[Brief descriptive captions]
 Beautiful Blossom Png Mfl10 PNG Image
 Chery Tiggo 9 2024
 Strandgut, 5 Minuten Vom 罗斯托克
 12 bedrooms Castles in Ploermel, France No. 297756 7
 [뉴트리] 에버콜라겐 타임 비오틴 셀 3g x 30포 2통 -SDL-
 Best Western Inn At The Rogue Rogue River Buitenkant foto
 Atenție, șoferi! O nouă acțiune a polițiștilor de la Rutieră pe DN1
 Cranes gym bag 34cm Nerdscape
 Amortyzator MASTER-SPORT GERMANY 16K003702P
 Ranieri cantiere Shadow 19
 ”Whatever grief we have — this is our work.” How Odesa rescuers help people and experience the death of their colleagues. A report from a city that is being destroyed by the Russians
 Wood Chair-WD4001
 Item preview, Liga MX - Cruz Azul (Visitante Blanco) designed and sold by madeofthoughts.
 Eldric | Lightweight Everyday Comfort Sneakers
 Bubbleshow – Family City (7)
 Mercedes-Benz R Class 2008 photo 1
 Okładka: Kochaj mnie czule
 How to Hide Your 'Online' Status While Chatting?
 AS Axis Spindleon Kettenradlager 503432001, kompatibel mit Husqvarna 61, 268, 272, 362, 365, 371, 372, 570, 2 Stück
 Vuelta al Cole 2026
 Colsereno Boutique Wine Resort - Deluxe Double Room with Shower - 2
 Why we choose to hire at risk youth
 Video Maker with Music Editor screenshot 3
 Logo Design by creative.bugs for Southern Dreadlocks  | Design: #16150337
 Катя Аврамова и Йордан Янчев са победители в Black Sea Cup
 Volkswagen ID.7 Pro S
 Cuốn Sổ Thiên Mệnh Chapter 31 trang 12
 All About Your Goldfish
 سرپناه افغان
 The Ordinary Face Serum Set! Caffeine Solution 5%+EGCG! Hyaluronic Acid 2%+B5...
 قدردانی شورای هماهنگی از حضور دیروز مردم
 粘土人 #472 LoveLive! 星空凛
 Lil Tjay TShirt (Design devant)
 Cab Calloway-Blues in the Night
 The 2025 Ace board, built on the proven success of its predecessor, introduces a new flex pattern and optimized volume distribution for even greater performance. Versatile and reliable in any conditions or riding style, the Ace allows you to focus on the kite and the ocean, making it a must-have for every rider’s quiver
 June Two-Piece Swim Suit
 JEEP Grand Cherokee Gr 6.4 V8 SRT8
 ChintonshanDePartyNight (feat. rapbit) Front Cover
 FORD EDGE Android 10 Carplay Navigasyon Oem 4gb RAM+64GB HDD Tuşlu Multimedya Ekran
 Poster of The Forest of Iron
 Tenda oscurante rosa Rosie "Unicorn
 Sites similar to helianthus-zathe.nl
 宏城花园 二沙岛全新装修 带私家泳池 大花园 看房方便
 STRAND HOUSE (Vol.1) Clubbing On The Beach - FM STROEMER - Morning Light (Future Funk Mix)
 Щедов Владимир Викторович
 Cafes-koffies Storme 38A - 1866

**The task**
Pull every line containing "have" out of the entries.

**Exercise response**
 ”Whatever grief we have — this is our work.” How Odesa rescuers help people and experience the death of their colleagues. A report from a city that is being destroyed by the Russians
 The 2025 Ace board, built on the proven success of its predecessor, introduces a new flex pattern and optimized volume distribution for even greater performance. Versatile and reliable in any conditions or riding style, the Ace allows you to focus on the kite and the ocean, making it a must-have for every rider’s quiver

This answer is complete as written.